Proliferation of Transparency Initiatives
Over the three years following the exchange’s downfall, transparency initiatives have proliferated throughout the crypto industry. Progress has been marked by proof-of-reserves attestations, audits, and on-chain analytics. However, many of these reforms remain works in progress, and some of FTX’s creditors are yet to be made whole.
Impact of FTX on Centralized Exchanges
Centralized exchanges bore the brunt of the post-FTX crisis of confidence. In the weeks following the bankruptcy, users withdrew over $20 billion from major trading platforms, according to CoinGecko data. In response, exchanges began publishing proof-of-reserves (PoR) attestations to demonstrate their solvency. Binance released its first report on November 10, 2022, followed by a Merkle Tree-based report a few days later, allowing users to verify its Bitcoin (BTC) holdings. Around the same time, OKX, Deribit, and Crypto.com all published proofs-of-reserve amid fears of contagion and uncertainty surrounding crypto exchanges.
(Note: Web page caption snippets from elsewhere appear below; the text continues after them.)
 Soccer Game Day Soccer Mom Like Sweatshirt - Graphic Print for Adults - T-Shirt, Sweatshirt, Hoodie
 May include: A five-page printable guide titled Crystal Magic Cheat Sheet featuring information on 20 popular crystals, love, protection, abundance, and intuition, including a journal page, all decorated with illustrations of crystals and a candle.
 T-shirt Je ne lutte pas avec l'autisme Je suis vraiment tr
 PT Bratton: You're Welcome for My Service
Evaluating Proof-of-Reserves
While these efforts offered some visibility into reserves, most relied on point-in-time snapshots rather than continuous audits and often drew criticism from the crypto community. One X user, David Gokhshtein, pointed out at the time that publishing proof-of-reserves wasn't sufficient, noting that "when you aren’t showing the company’s liabilities, it means nothing."
Lessons Learned and Impact on DeFi
Thomas Perfumo, Kraken’s global economist, emphasized that the "hard lessons of the past were never an indictment of crypto," adding that the FTX debacle reinforced that "governance and integrity matter." Decentralized finance (DeFi) protocols also adapted following the collapse, emphasizing not only transparency but also self-custody as a crucial safeguard for crypto users. Eddie Zhang, president of dYdX Labs, noted that DeFi now operates under stronger risk frameworks, and "governance is becoming more sophisticated," with systems that "withstand market shocks."
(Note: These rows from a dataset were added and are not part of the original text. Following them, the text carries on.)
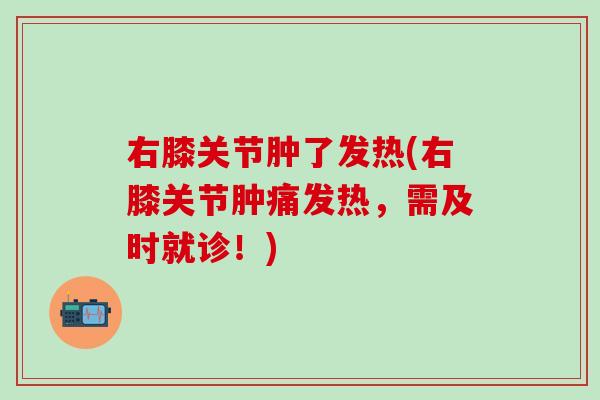右膝关节肿了发热(右膝关节肿痛发热，需及时就诊！)-第1张图片-氨糖科普网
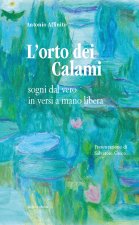 orto dei calami. Sogni dal vero in versi a mano libera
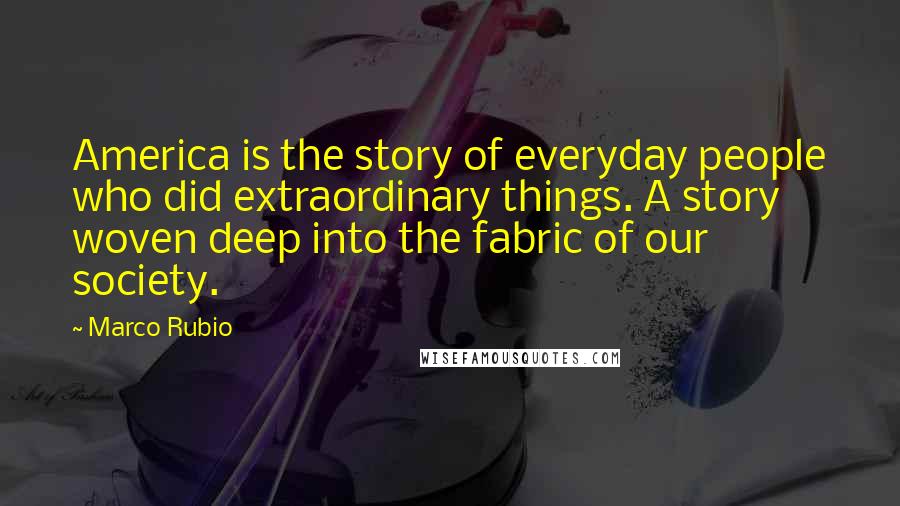 Marco Rubio Quotes: America is the story of everyday people who did extraordinary things. A story woven deep into the fabric of our society.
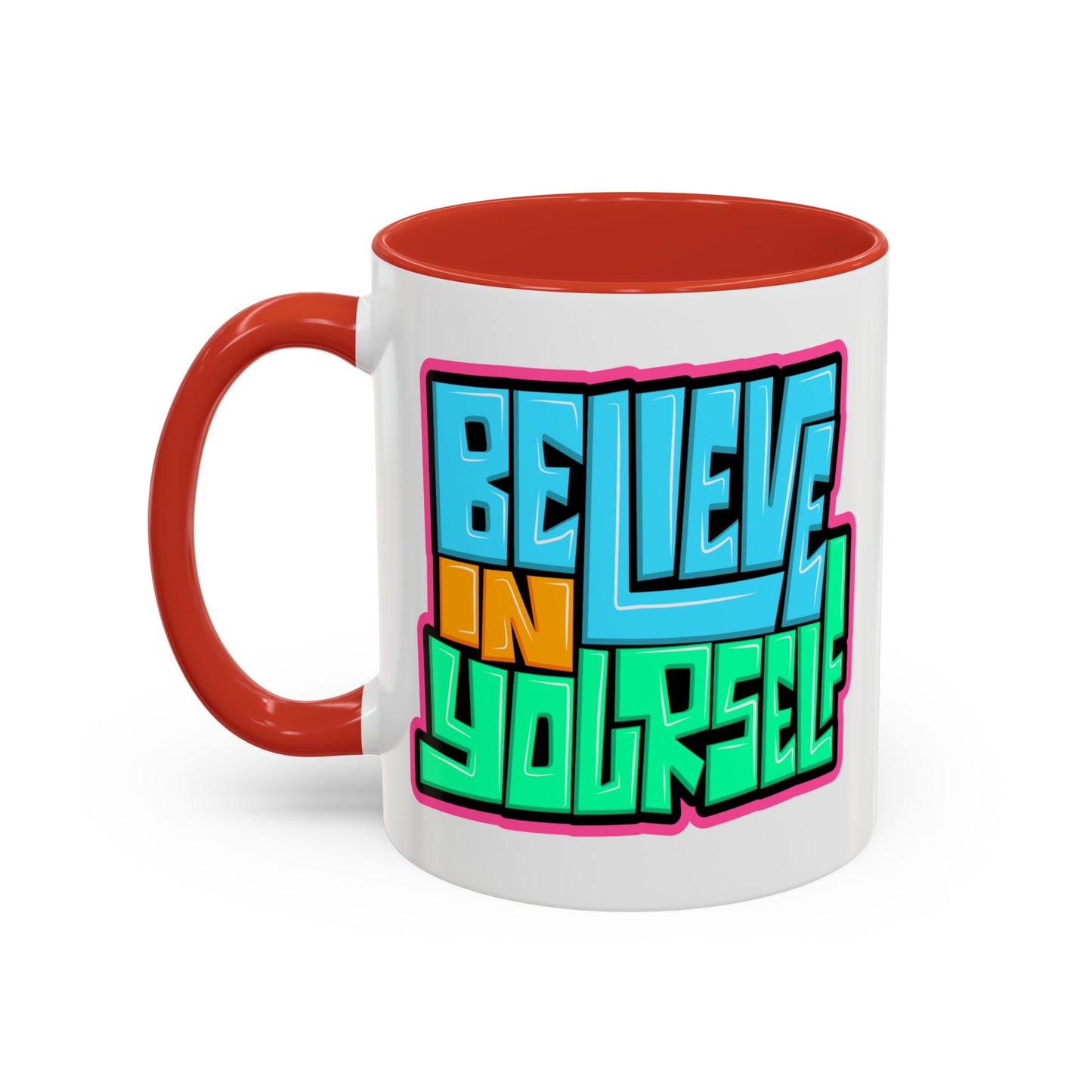 Motivation Mug - Believe In Yourself Graffiti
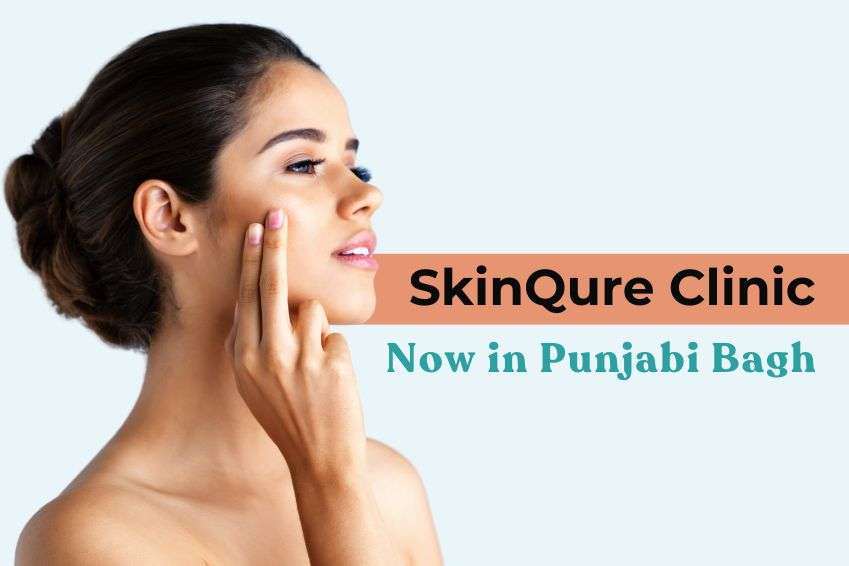 SkinQure in Punjabi Bagh: Brings Advanced Laser, Skin & Hair Treatments to Your Neighborhood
Challenges in Creditor Compensation
Despite the industry’s transparency campaigns and modern regulations, such as the GENIUS Act in the United States and the European Union’s Markets in Crypto-Assets Regulation, some FTX creditors have yet to recover their losses. According to a November 9 update from Sunil Kavuri, an FTX creditor representative, the exchange has distributed $7.1 billion to creditors across three rounds so far. However, because repayments are being made in US dollars rather than in-kind crypto assets, creditors are missing out on the market’s rebound since 2022. Under these circumstances, real recovery rates could range from 9% to 46% when adjusted for current crypto prices.
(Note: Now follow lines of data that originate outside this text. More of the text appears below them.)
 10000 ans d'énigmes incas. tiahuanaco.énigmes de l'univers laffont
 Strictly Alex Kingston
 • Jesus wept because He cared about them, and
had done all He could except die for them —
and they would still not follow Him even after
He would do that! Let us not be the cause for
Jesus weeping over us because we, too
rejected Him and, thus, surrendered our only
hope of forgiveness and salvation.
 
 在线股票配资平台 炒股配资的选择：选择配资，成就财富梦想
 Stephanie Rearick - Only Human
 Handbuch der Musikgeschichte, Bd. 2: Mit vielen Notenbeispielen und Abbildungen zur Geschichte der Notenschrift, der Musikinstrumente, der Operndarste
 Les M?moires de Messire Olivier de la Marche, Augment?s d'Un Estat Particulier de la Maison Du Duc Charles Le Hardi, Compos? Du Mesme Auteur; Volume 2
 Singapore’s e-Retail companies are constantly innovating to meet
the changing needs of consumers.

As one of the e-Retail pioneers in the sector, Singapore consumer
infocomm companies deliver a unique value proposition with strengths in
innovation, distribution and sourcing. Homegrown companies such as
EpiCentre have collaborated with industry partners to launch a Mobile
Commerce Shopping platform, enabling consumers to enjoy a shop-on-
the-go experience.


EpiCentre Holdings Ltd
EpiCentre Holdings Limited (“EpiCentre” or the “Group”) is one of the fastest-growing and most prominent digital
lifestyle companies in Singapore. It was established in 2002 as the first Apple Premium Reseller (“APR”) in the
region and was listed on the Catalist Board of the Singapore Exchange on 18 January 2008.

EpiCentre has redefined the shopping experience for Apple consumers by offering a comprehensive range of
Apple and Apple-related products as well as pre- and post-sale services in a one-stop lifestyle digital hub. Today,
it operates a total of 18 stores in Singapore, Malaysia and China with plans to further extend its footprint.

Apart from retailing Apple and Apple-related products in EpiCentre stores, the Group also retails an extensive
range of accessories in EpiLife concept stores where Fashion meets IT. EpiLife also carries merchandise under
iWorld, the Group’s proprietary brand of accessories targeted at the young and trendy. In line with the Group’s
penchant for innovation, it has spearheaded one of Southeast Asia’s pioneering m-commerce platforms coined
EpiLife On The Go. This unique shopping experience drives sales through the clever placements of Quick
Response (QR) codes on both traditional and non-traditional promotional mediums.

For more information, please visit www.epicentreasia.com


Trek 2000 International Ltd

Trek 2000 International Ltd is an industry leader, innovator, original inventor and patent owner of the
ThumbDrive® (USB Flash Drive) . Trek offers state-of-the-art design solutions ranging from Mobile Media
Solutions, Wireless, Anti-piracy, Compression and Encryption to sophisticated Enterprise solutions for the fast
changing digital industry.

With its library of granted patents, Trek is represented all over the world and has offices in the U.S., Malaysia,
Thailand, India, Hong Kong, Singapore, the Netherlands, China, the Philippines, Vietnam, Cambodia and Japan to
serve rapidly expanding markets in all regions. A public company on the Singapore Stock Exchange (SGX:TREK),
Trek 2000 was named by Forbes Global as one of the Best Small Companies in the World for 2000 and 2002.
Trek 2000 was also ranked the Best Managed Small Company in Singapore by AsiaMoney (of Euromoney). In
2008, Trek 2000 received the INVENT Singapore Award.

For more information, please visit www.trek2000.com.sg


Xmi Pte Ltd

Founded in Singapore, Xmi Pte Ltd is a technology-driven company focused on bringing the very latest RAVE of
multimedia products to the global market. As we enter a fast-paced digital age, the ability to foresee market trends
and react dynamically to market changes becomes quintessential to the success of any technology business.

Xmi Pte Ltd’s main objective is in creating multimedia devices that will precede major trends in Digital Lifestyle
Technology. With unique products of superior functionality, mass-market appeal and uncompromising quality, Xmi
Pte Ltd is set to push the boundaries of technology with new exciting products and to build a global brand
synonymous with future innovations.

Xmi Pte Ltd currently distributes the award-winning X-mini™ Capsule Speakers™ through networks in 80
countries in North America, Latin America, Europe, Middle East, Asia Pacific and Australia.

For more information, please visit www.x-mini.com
The Future of Sam Bankman-Fried
Former FTX CEO Sam Bankman-Fried is serving a 25-year prison sentence for fraud and conspiracy but has appealed his conviction, arguing that he was denied the presumption of innocence and barred from presenting evidence that FTX was, in fact, solvent in November 2022. Current projections assign only a 4% probability that Bankman-Fried will receive a presidential pardon in 2025. Meanwhile, former Alameda Research CEO Caroline Ellison, who cooperated with prosecutors, began serving her sentence in late 2024 and is projected to be released in mid-2026.